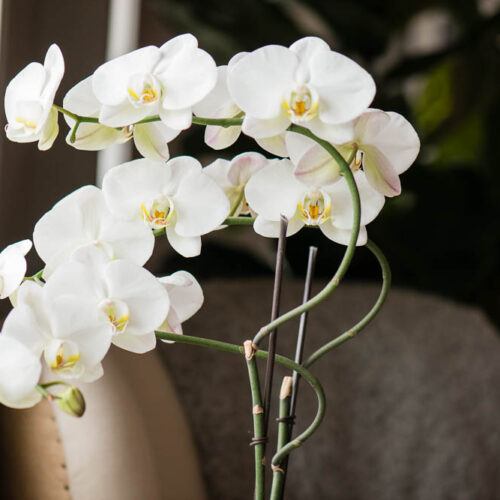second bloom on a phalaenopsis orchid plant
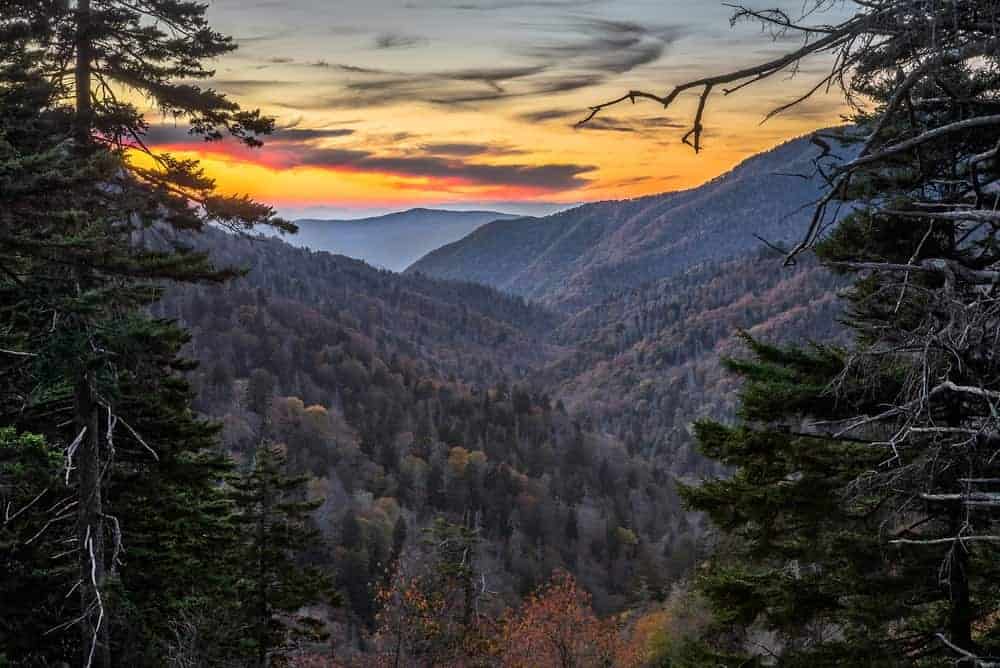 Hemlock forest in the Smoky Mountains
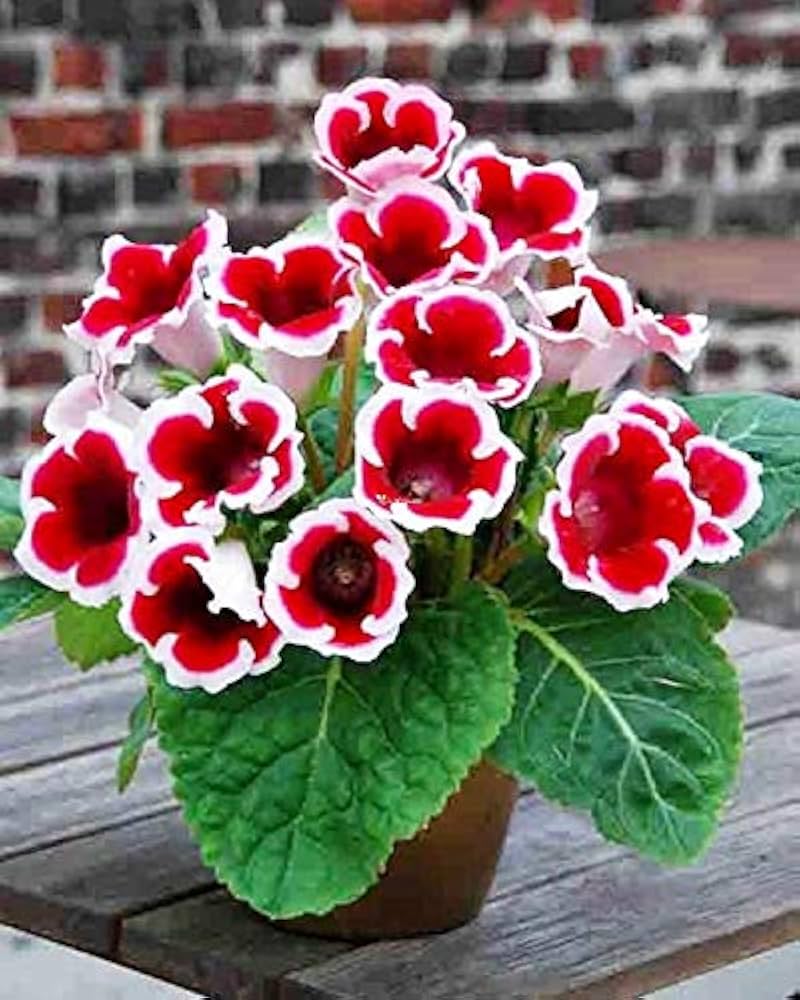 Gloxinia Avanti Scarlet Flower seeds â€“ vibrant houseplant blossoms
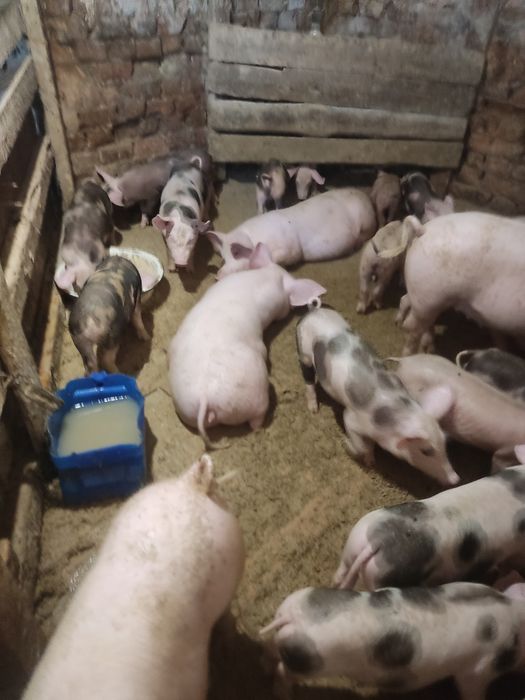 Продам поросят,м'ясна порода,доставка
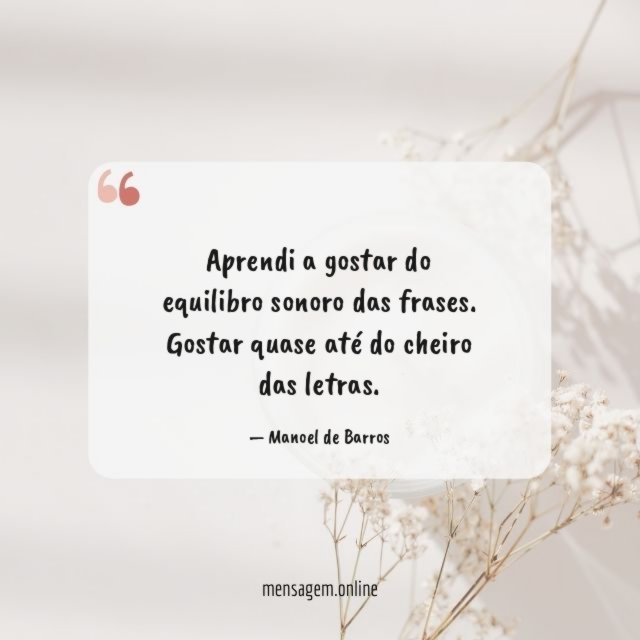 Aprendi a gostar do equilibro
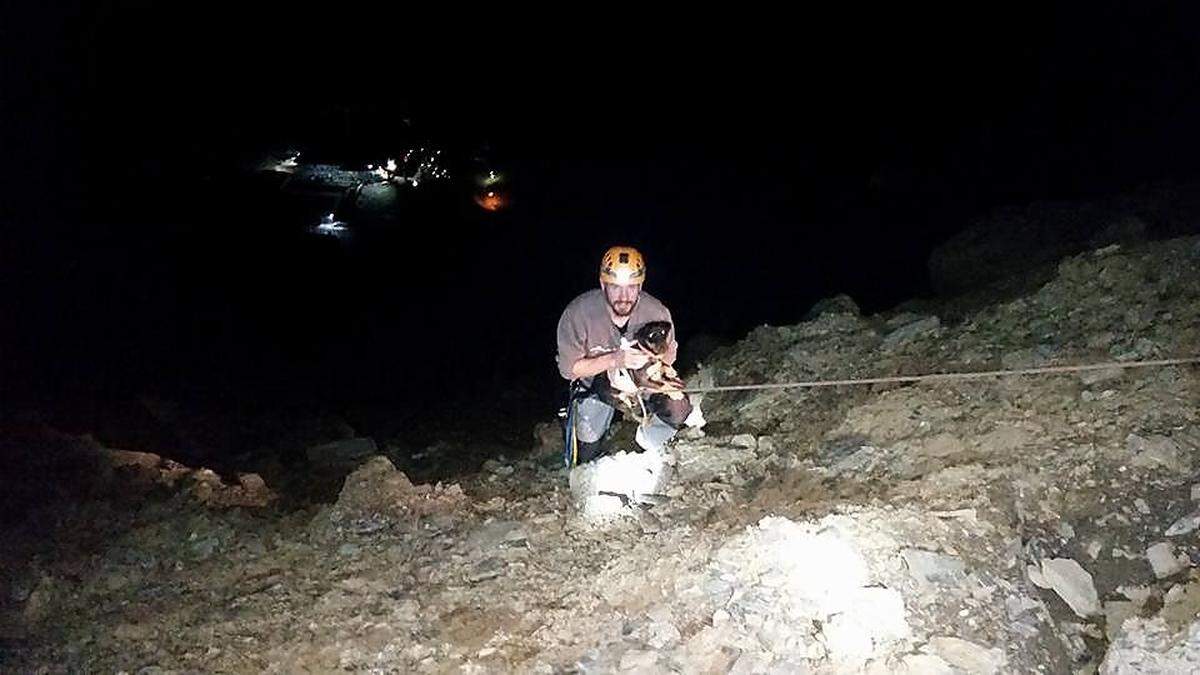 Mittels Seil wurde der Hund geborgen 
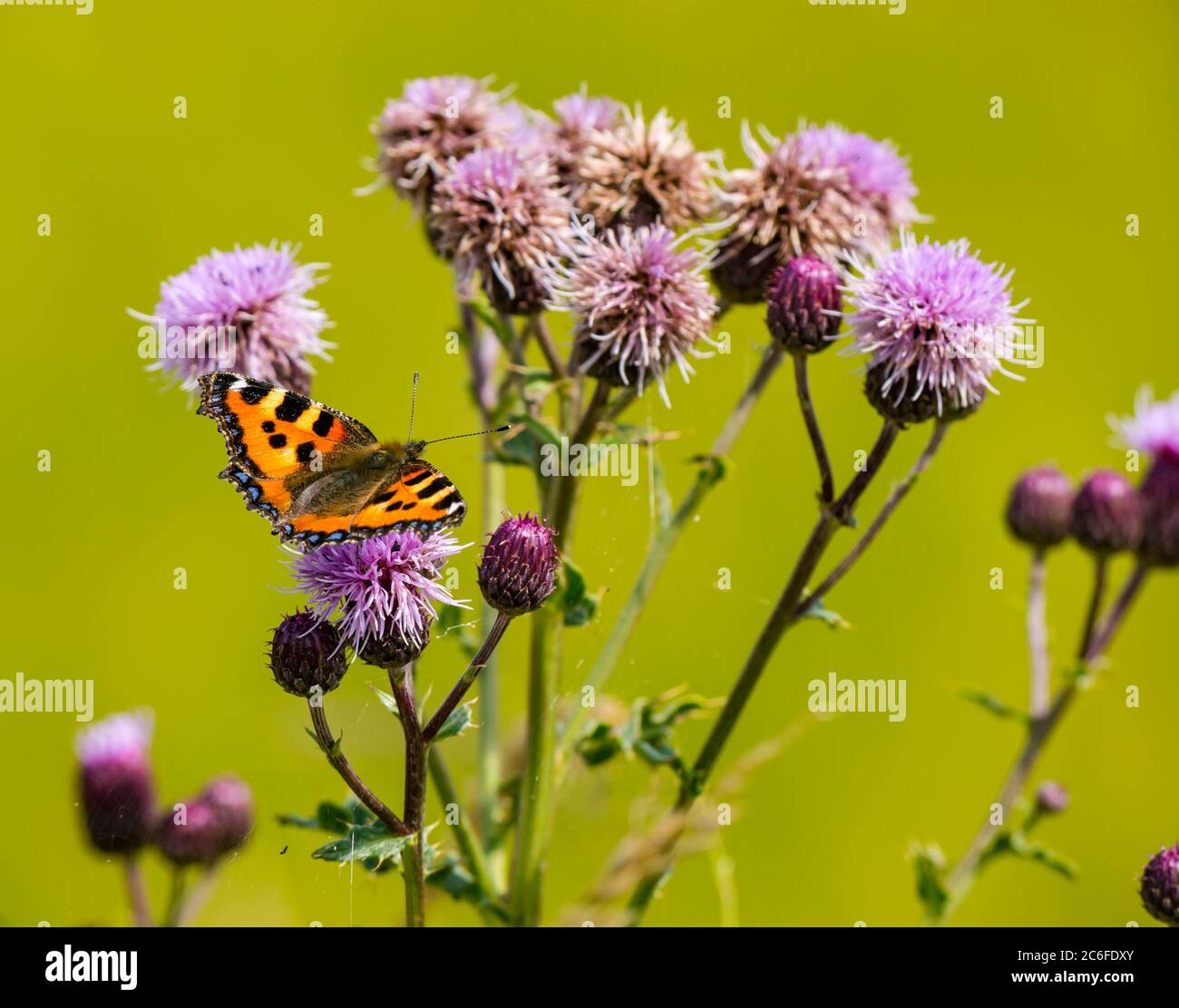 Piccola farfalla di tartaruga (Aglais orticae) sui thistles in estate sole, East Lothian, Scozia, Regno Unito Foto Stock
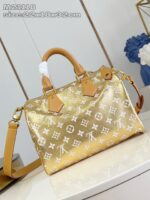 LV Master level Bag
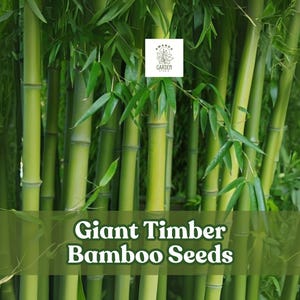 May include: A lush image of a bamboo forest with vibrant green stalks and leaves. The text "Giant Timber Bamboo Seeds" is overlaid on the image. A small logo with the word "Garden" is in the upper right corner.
☆ ☆ ☆ ☆ ☆
▸ **Goal of the exercise**: Transcribe exactly, please, the lines between the start of the records above and the line holding "Mittels Seil wurde der Hund geborgen", counting both of those lines and omitting pictures.

▸ **Exercise result**:
second bloom on a phalaenopsis orchid plant
 Hemlock forest in the Smoky Mountains
 Gloxinia Avanti Scarlet Flower seeds â€“ vibrant houseplant blossoms
 Продам поросят,м'ясна порода,доставка
 Aprendi a gostar do equilibro
 Mittels Seil wurde der Hund geborgen 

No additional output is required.